# schmuckfarben (gold, silber) in freehand?



## lux (14. September 2005)

hallo,

wie kann ich in freehand eine grafik in gold oder silber färben?
unter dem modi farben habe ich nur pantone farben die man auf dem bildschirm nicht erkennen kann ob es gold ist oder nicht.

vielen dank
lux


----------



## Momoko (16. September 2005)

hallo,

also auf dem bildschirm wirst du die sonderfarben  gold oder silder nicht genau sehen können. 

nur die druckerei kann die farben als sonderfarben drucken. falls du die daten in den druck gibst, dann musst du die zwei farben als volltonfarben (Sonderfarben) angeben.
dann ist das 5c bzw. 6c. (gold und/oder silber +4c)

dazu brauchst du aber den pantone ton oder hks ton (der name muss exakt stimmen damit die druckerei weis welche sonderfarbe das ist. es gibt so farbfächer, die sind aber sehr teuer, die dir die farben darstellen und auch die werte in 4c zeigen. 

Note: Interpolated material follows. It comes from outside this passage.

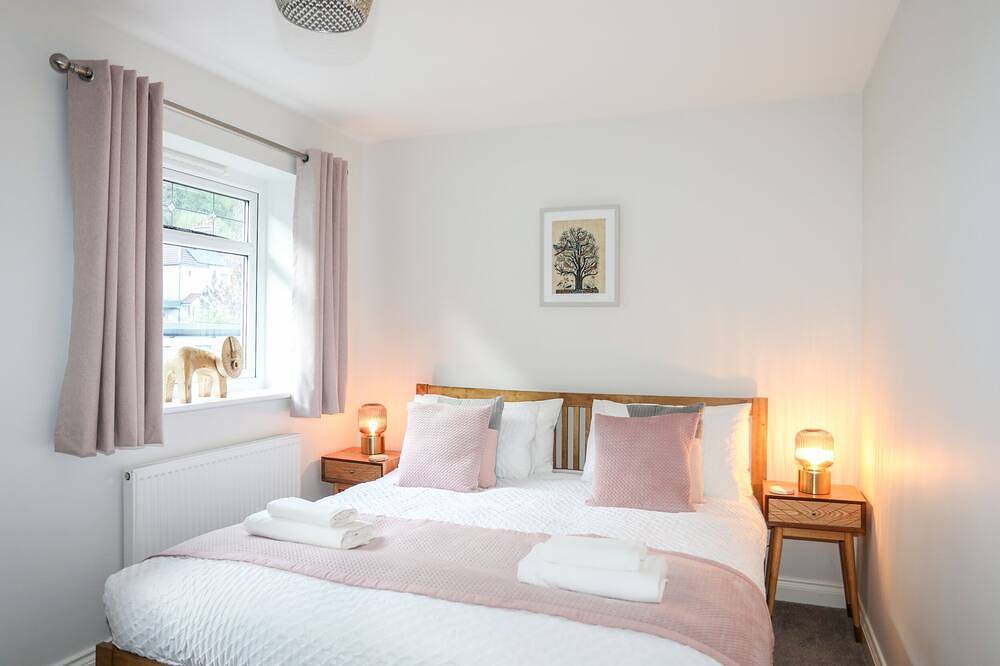 3 Trem Y Dolydd, family friendly, with a garden in Llanrwst in Snowdonia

man kann sich so eine liste auch als pdf runterladen aber ich weis die internetseite jetzt grad leider nicht aus dem kopf, da muß ich morgen an der arbeit erstmal gucken.

oder du ruft einfach in einer druckerei an und fragst nach dem namen von gold oder silber. vielleicht schicken die dir auch ein farbmuster zu.

ich hoffe ich konnt dir weiter helfen.


----------